On Mar 24, 2014, at 5:09 PM, Johan Engelen wrote:
On 25-3-2014 1:03, Jon Cruz wrote:
On Mar 24, 2014, at 3:07 PM, Krzysztof KosiĆski wrote:
It looks OK, no amendments necessary.
I'm not 100% sure about the "hybrid" variant which takes the key as char const * and the value as Glib::ustring, but this is a common occurrence in the codebase, so I guess this optimization is justified.
Johan, can you take a look at that? Normally I'd expect an implicit conversion to come into play and the compiler to wrap char const* params in a Glib::ustring instance. That definitely is the usual behavior with std::string.
I did that as an optimization step. Very often we use setAttribute("something", some_variable); I thought it silly to have to compiler create a temporary Glib::ustring for that.
Aha! So what was the measured real-world difference in performance of a non-debug build for normal operations? :-)
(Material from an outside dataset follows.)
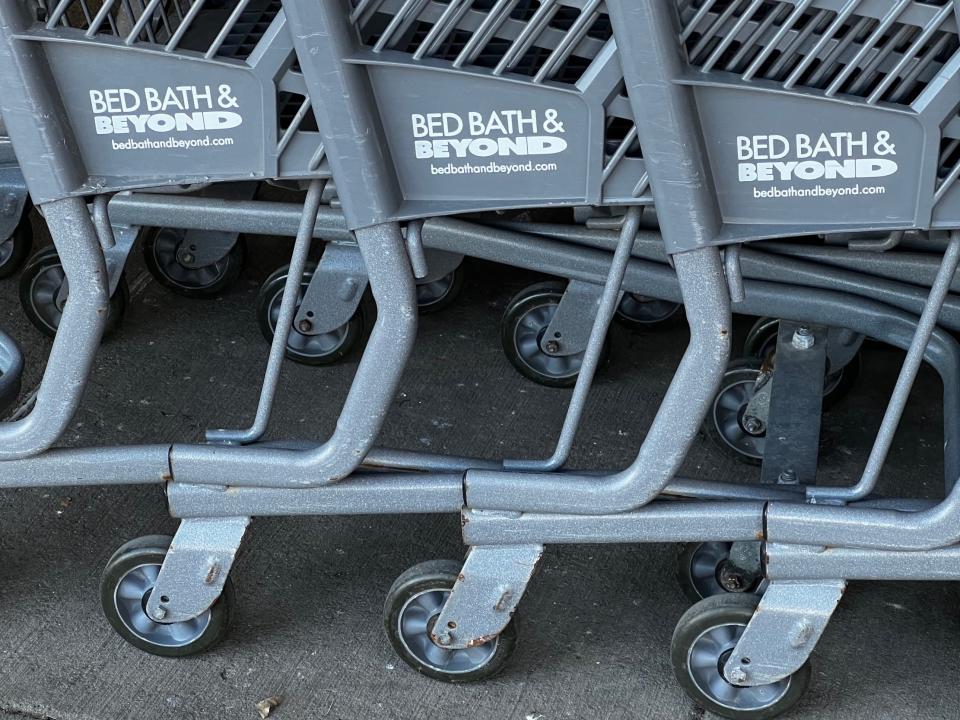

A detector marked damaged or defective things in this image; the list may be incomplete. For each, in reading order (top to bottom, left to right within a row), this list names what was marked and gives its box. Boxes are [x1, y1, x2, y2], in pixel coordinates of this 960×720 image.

rusty metal bracket [145, 516, 251, 624]
rusty metal bracket [434, 544, 544, 648]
In general, if we don't have a measurable difference, it's usually best to avoid micro-optimizations and instead just stick with code safety. in this case, a Glib::ustring const &key declaration means NULL can't sneak in while we are not looking, etc. In some similar code changes in the past, we've actually had bugs from raw pointer use, especially when a pointer the function assumed was constant turned out to be a temporary/local and deleted by the time it was used again.